Source: Huffington Post
Los Angeles on Tuesday became the biggest U.S. city to raise its minimum wage to $15 an hour.
Following a hot debate, the city council voted 14 to 1 to approve a plan to gradually increase the required wage to $15 an hour by July 2020. The current $9-an-hour minimum wage was already slated to increase to $10 in January.
The pay bump will affect about 567,000 workers in the city.
“This is a game changer,” Tsedeye Gebreselassie, a senior staff attorney at the wage advocacy group National Employment Law Project, told The Huffington Post minutes after the vote. “L.A. is such a huge city, and it’ll have a national impact on the normalization of $15 as the minimum wage.”
The move comes less than a year after the city council voted to raise hourly pay to $15.37 for nearly 10,000 hotel workers.
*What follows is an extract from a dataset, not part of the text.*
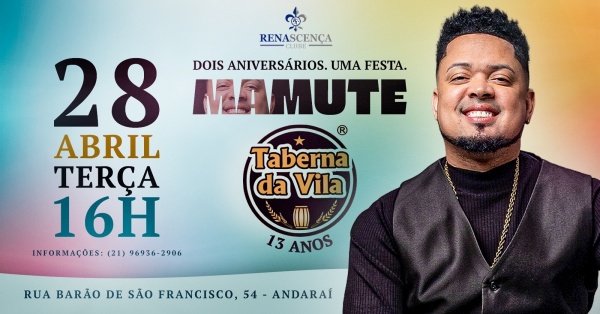 aniversário mamute e aniversário taberna da vila (foto do evento)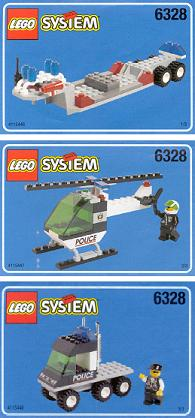 6328 Helicopter Transport (Used) LEGO Town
The debate over the new minimum wage divided the city. Business groups, including the Los Angeles Chamber of Commerce and the Valley Industry and Commerce Association, warned that the increase would hurt small companies and lead to layoffs.
“A lot of businesses are going to struggle,” Stuart Waldman, president of the Valley Industry and Commerce Association, told HuffPost minutes after the vote. “There’s a lot of employees are going to get raises, but there’s also some employees that are going to lose their jobs.”
Los Angeles, the nation’s second-largest city, joins other West Coast cities, including Seattle and San Francisco, which raised their hourly wages to $15 following waves of protests across the country. Meanwhile, the federal minimum wage has stagnated at a paltry $7.25 an hour for the last four years, despite calls to raise it from President Barack Obama.
“You can see over the course of two years, there’s an evolution of position on what a reasonable minimum wage is,” John Schmitt, research director at the liberal-leaning nonprofit Washington Center for Equitable Growth, told The Huffington Post ahead of the vote. “There’s political activity taking place at city and state level, and it’s moved the national debate.”
The city-by-city approach represents one of a two-pronged strategy by activists to increase minimum wages across the country. The second, centered around the wage activism group Fight for $15, has seen mass demonstrations against fast-food companies, which are some of the largest employers of minimum-wage workers.
“It’s highlighted for the American public that raising wages isn’t just about helping workers and making sure people who are struggling to have enough to get by,” Gebreselassie said. “It’s to address income inequality and have truly meaningful economic recovery.”
“People like me, who work hard for multibillion-dollar corporations like McDonald’s, should not have to rely on food stamps to survive,” Albina Ardon, a 29-year-old mother of two who works at a McDonald’s in Los Angeles, said in a statement sent by a Fight for $15 spokeswoman. “My life would be completely different if I were paid $14 an hour. I could afford groceries without needing food stamps, my family could stop sharing our apartment with renters for extra money, and I’d be able to provide my daughters with some security.”
The wage hike will face one final council vote later this year after City Attorney Mike Feuer drafts a plan to implement the new base pay.